Perhaps, as Christians, there is something we can learn from this video, as we work to include the great diversity of our communities that we minister with and to. Because our identity is holy and sacred.

Accessibility and Necessity

By Rev. Mindi

I remember when my child was less than a year old, joining a clergy group for breakfast, and finding out the hard way the restaurant bathroom had no changing table. And this was one of those baby pooplosions, where you cannot wait to change the diaper. It made me angry, and luckily, my clergy group decided to switch locations after that.

I also remember so many times my husband had to change our son in the car because the men’s public restroom did not have a changing table. Very few still do, and this is 2016.

With all the talk about bathrooms in the news these days, I wonder:

Are we having this conversation about accessible restrooms in our churches?

I serve a congregation where thankfully all of the bathrooms in our small building were renovated in the last fifteen years, are all accessible for disabled persons, and two out of the three having changing tables. All three are large enough not only to bring a wheelchair or walker inside, but also for someone to bring in another person who needs assistance in the bathroom.

My child is almost eight, and due to his disability needs assistance in the bathroom. Oh, and because both my husband and I are incredibly tall people (someone once remarked that we breed giants), our kiddo is the size of a ten-year-old.

I highly suspect this being an election year has brought this latest wave of transphobia and bathroom shock to light. Masked in the cloak of protecting our children from predators (look at statistics of child assault and abuse and you’ll find that 75% of the time it happens within the home from a relative) we have ostracized our transgender kin. And we have made restrooms—a basic function, a basic need of our humanity—less accessible than before.

Even if my kiddo didn’t have a disability that required some assistance in the bathroom, I’ll be honest: as a parent, I have a hard time sending my child alone anywhere with strangers. But I am 100% not worried about transgender folks. I am also 100% not worried about someone pretending to be transgender who might harm my child, because let’s face it, that is NOT happening. That is a lie perpetuated to drum up fear in an election cycle. No. I am concerned, however, of something happening to my child in a public restroom from a child predator, who most likely will be a white straight dude, based on statistics.

I remember the fear when I sent my child to preschool, after having moved, knowing no one in the area. Sending my child to a strange teacher with strange paraeducators in the classroom who would be helping my son use the restroom. Why? Because videos and stories of students with disabilities being abused by staff are abundant on the internet. New stories are abundant in the suburbs of Seattle, along with stories from parents.

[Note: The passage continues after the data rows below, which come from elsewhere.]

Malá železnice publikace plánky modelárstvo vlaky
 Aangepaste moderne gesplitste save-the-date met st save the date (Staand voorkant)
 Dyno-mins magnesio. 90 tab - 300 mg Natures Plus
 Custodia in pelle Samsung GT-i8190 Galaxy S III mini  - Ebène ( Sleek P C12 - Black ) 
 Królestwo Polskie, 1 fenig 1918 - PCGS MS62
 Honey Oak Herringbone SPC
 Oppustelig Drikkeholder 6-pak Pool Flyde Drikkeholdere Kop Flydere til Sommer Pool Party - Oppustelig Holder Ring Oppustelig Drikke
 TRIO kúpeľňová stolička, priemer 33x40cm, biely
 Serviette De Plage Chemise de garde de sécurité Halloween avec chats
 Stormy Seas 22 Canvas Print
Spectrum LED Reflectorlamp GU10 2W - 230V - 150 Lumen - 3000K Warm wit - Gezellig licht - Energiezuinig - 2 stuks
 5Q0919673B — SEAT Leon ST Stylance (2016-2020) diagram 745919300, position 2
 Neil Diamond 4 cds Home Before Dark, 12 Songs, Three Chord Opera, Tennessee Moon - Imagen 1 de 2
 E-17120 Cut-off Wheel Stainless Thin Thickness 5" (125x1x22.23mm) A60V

I have seen the stares, heard the jokes, seen the rolling eyes by women as I bring my tall son into the bathroom with me. I remember once at a child’s play space a young girl complaining that “there is a boy in the bathroom!” I once had someone complain when my child was three—yes, three years old—that he didn’t belong in the women’s bathroom with me.

I am afraid for transgender people. I am afraid that they will be abused and harmed, even killed, by someone claiming to “protect” someone else. I am also afraid that as my child grows larger, as he gains more independence and uses the restroom by himself, people will report him because of his strange sounds and the time he spends in the restroom. I have known many parents of teens with disabilities telling me how they had to talk with a police officer outside of a public restroom where their child was inside because someone called the police on a “dangerous” person inside. I am also afraid that someone will take action themselves and claim to be “protecting” others.

So what can we do as the church? I’ve seen many conversations in social media focusing on certain laws and policies, but what about within your own congregation’s physical space?

We can start by creating safe spaces in our churches. Create restrooms that are accessible for persons with disabilities and their caregivers. Make it known that these restrooms are accessible and gender neutral. If you have existing men and women’s restrooms, if they have single stalls this makes it easier to go gender neutral, but also consider the need to renovate (if you can, knowing how church budgets are these days) to make them accessible for persons with disabilities. Also add changing tables, and if you are able to, adult changing tables. I have seen one restroom with an adult changing table. Yes, they are necessary for many adults with disabilities, and finding them in public is a very difficult task.

The simple, shortcut answer, is to create one gender neutral restroom, one accessible restroom out of the rest. This can ostracize folks, singling them out to use that restroom. Also, to be quite honest, it’s a pain to have to wait in line for the restrooms anyway—but to have to wait for that one special stall, or that one special bathroom to open up while everyone else is at least moving forward in line—that’s degrading. The longer-term solution is to make all of our restrooms accessible to all people.

While the debate continues over laws and policies, can’t we, within the church, start making safe and accessible spaces, including restrooms? Can’t we lead the way?

Many thanks to the Unitarian Universalist Association for this inclusive restroom sign.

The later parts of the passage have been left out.